Müzik terapisinden hastanelerde nasıl yararlanılıyor?

Genel sağlık alanlarında hizmet veren hastanelerde müzik: anesteziyle bağlantılı veya ilaç tedavilerinde ortaya çıkan ağrıların hafifletilmesi ve dindirilmesi için kullanılır; fiziksel rehabilitasyon çalışmalarında hareketlenmeyi desteklemek için; rahat ve huzurlu bir uyku temini için; kuruntu ve korkuları etkisizleştirmek için; rahatlama sağlamak maksadıyla, otonom sinir sistemi de dahil olmak üzere kas gerginliklerini hafifletmek için kullanılır.

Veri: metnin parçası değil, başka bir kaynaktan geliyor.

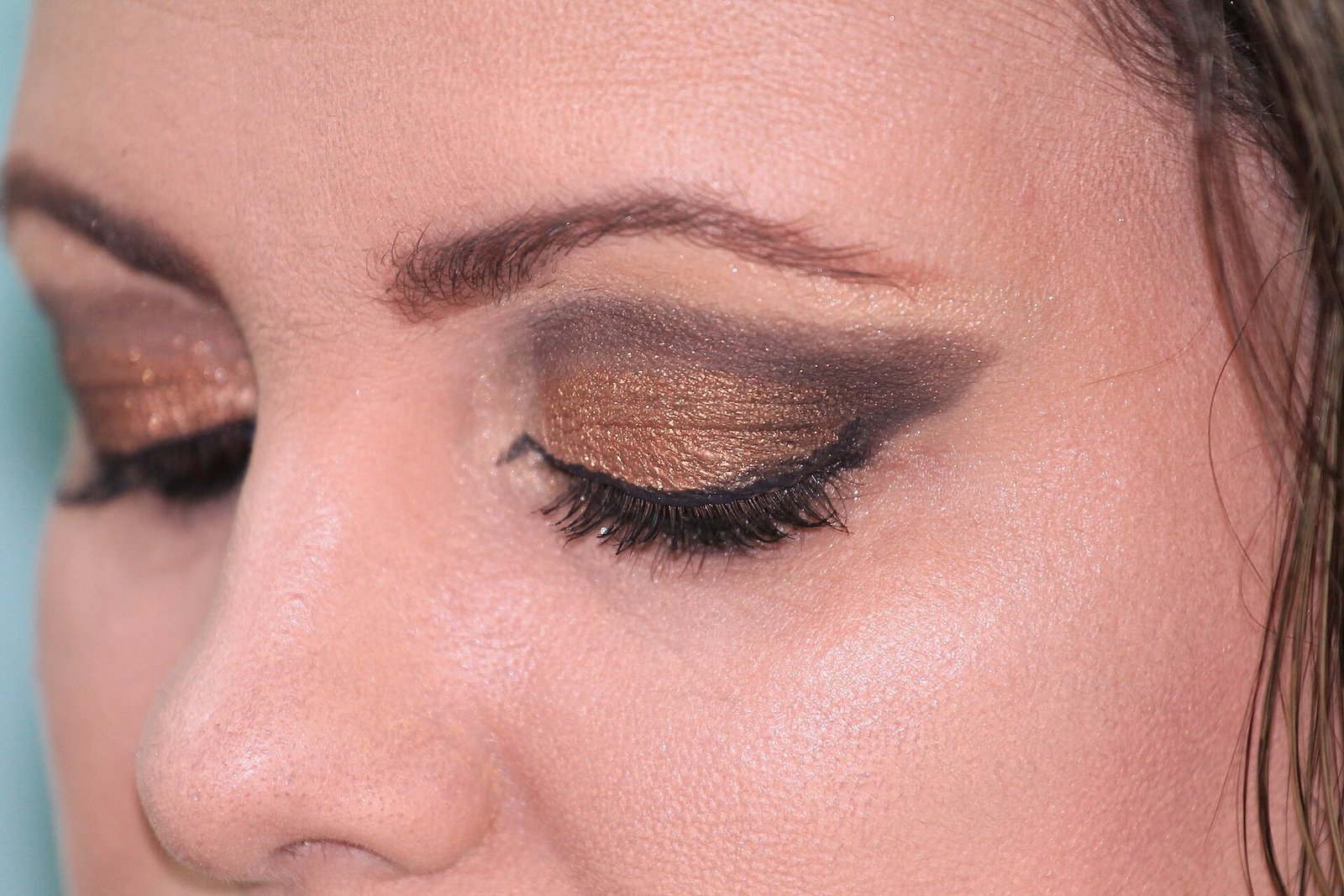 Silver eyeliner on the lower lash line brightening eyes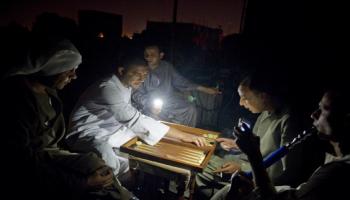 مصريون يلعبون النرد أثناء انقطاع الكهرباء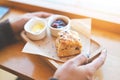 Scones and jam on wooden plate, woman served scones and cream for dessert and tea - fresh homemade butter scones Royalty Free Stock Photo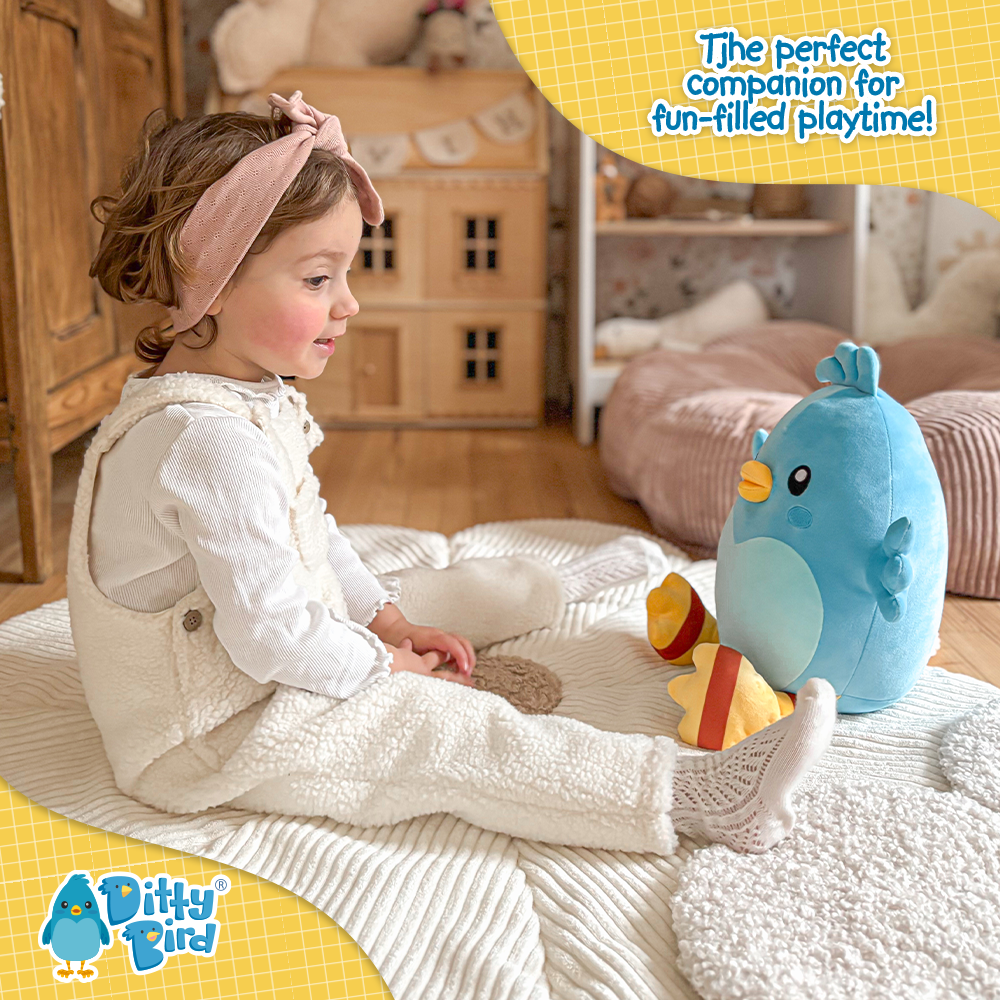 A young child sits on a cozy rug in a playroom, smiling at the NEW! Ditty Bird Squishy Soft Plush from Ditty Bird—the ultimate huggable companion for joyful playtime, surrounded by wooden furniture and a toy house.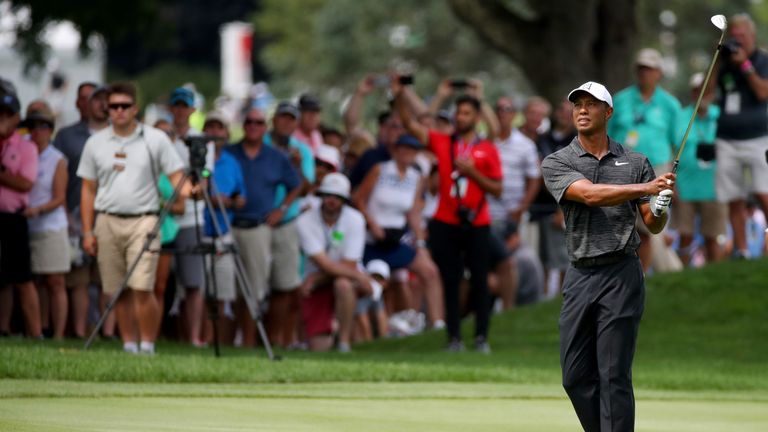 Tiger Woods is five behind at the halfway stage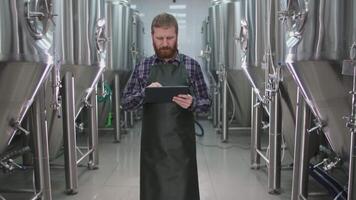 A male brewer with a beard in an apron passes by beer tanks and checks the readings using a tablet video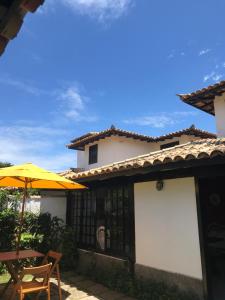 a house with an umbrella and a table and chairs at Praia de Geribá C 1 in Búzios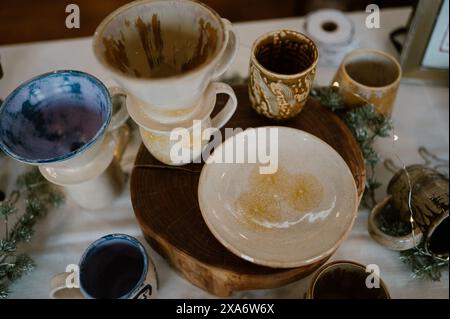 The beautiful hand-made ceramic plates and cups displayed on the table Stock Photo
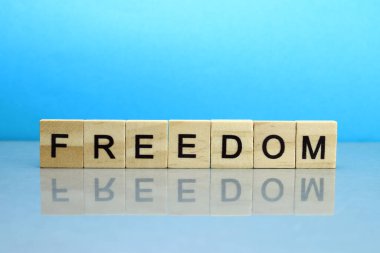 Mavi arka planda tahta bloklardan yapılmış özgürlük kelimesi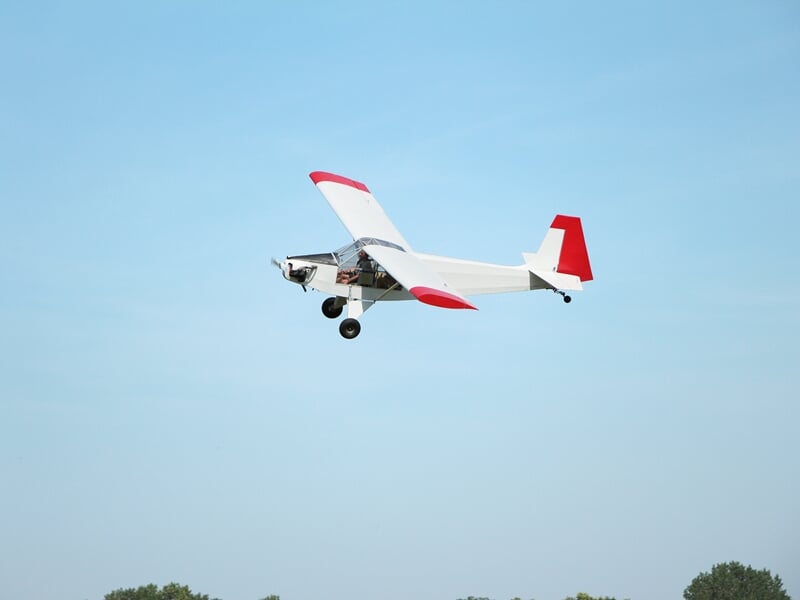 Avion ultra-léger en vol, ailes blanches avec extrémités rouges, arrière rouge, ciel bleu dégagé en arrière-plan.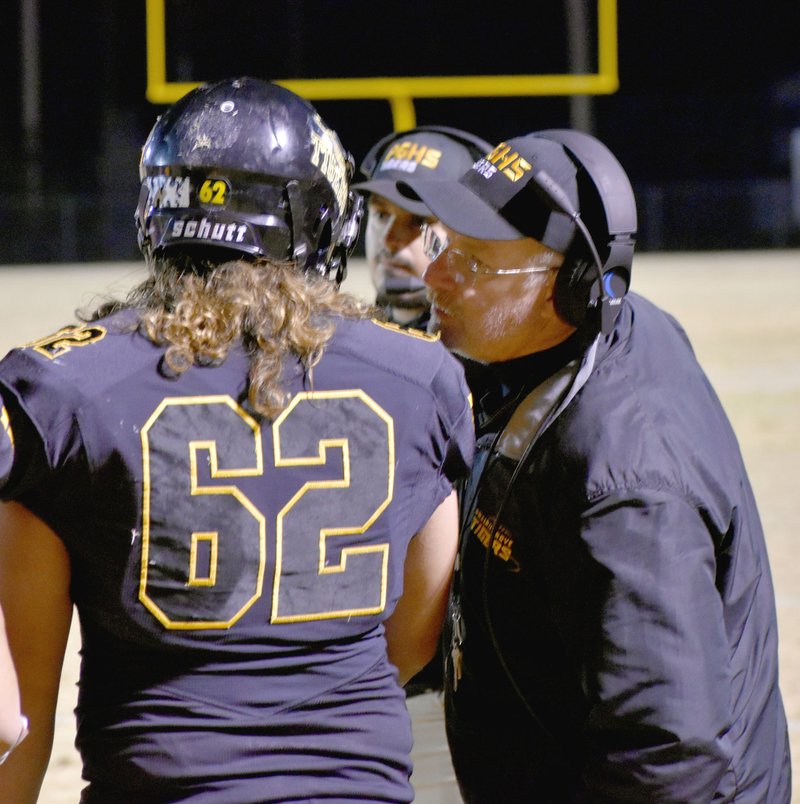 MARK HUMPHREY ENTERPRISE-LEADER Prairie Grove football coach Danny Abshier, shown talking to senior lineman Austin Medina, is two wins away from obtaining 200 career Arkansas high school football victories coming into week 10 of the regular season. The Tigers defeated Berryville, 46-21, last week to move Abshier up to 198 wins.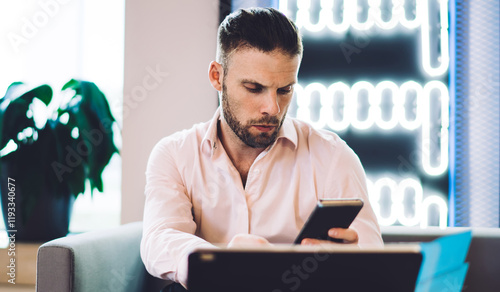 Caucasian man connecting to 4g wireless for reading received email message, serious male using cellphone device for online web messaging during remote job on portable touch pad in coworking interior photo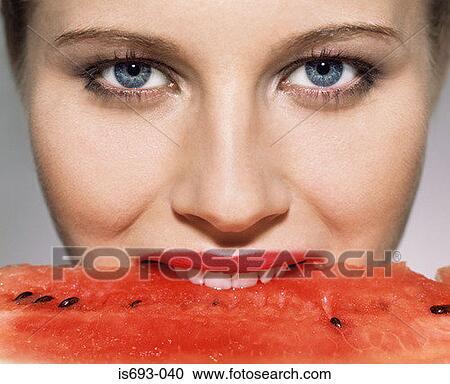 Woman biting into watermelon View Large Photo Image Stock Image - Woman biting into watermelon. Fotosearch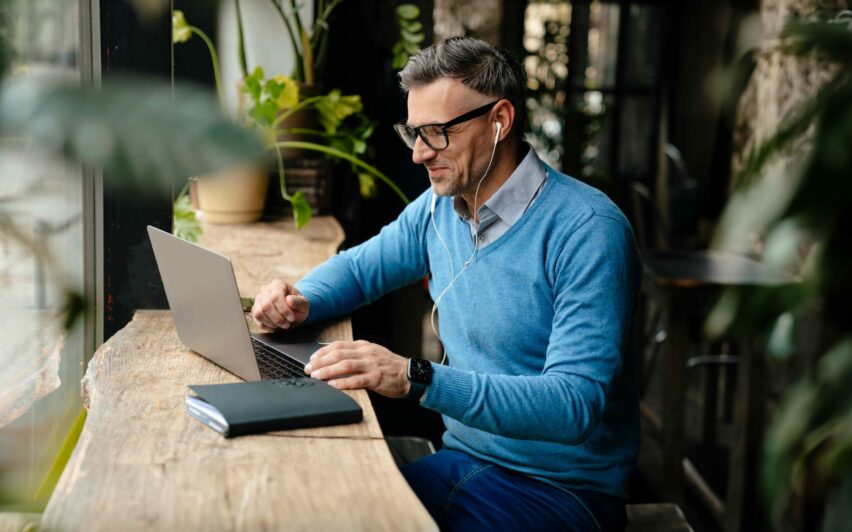 Adult smiling man in glasses and headphones working with laptop while sitting in cafe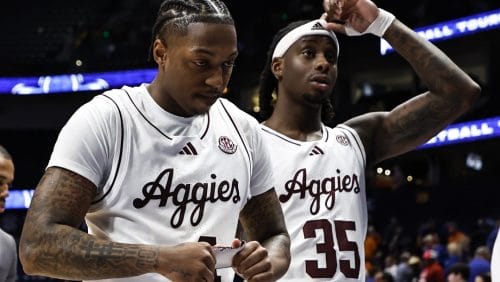 Texas A&M's Wade Taylor IV (4) and Manny Obaseki (35) walsk of the court after the second overtime in an NCAA college basketball game against Texas in the second round of the Southeastern Conference tournament, Thursday, March 13, 2025, in Nashville, Tenn.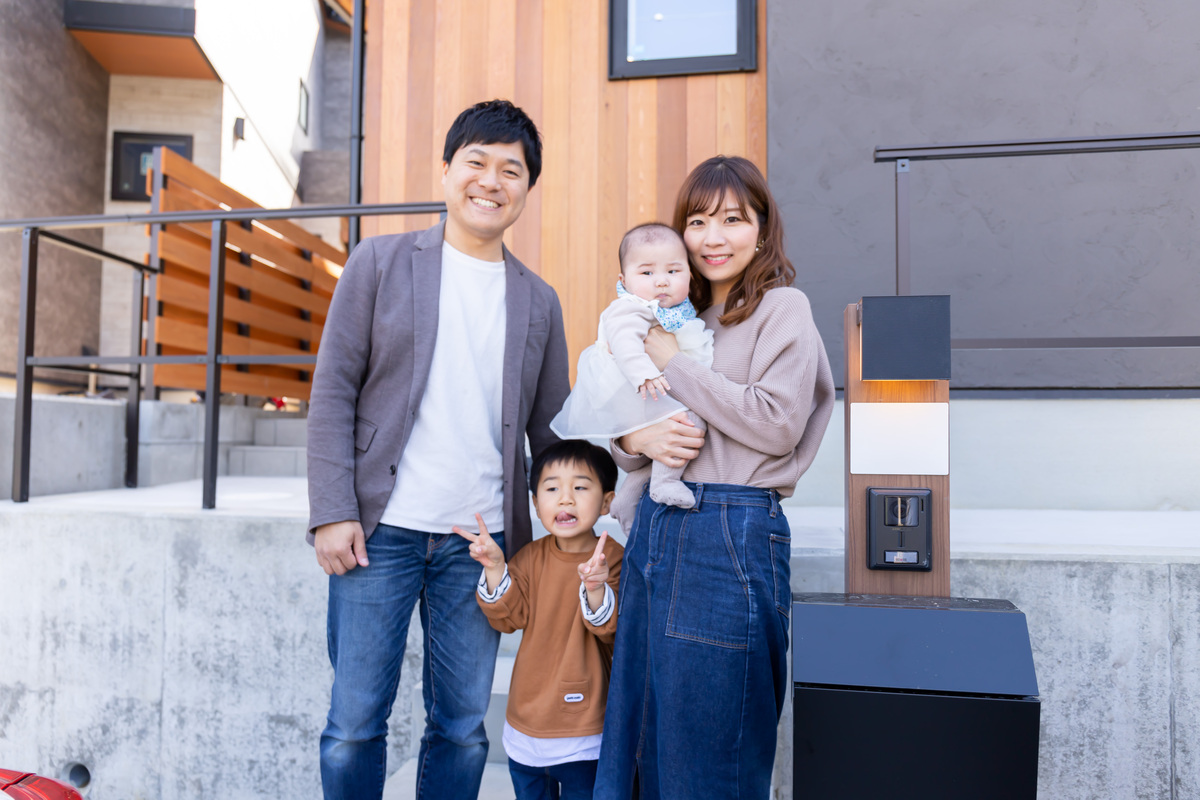 木の温もりを感じる縦張りの外壁とグレーの塗り壁が調和するモダンなマイホームの前に立ち、笑顔を見せる4人家族。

Müzik terapisinden huzurevlerinde nasıl yararlanılıyor?

Müzik, yaşlı insanların fiziksel, zihinsel ve sosyal/duygusal işlevlerinin seviyelerini yükseltmek veya devamlılığını sağlamak maksadıyla kullanılıyor. Müziğin duyusal ve entelektüel uyarımı, kişilerin hayat kalitelerinin devamını sağlamak için yardımcı olabilir.

Müzik terapisi okullarda nasıl kullanılıyor?

Okullar genelde, kişisel farklılıkları olumlu bir atmosferde değerlendirebilmek maksadıyla ortaya konan ulusal eğitim planını desteklemek için müzik terapistleri istihdam ediyorlar. Müzik eğitimi, iletişim becerileri ve fiziksel koordinasyon yetileri gibi günlük hayatta önemli olan kimi konuların güçlendirilmesi için, müzikal alan dışında da kullanılmaktadır.

Müzik terapisi psikiyatri kurumlarında nasıl kullanılıyor?

 

Müzik terapisi; kişisel duyguların keşfine, ruh durumunda ve duygusal durumlarda olumlu değişiklikler yapmaya, başarılı deneyimler vasıtasıyla hayat üzerinde kontrol duygusu sağlamaya, problem çözme pratikleri yapmaya ve anlaşmazlıkları daha güçlü bir aile düzeni kurmak yoluyla yeniden gözden geçirerek çözmeye ihtiyacı olan kişilere yardımcı olur.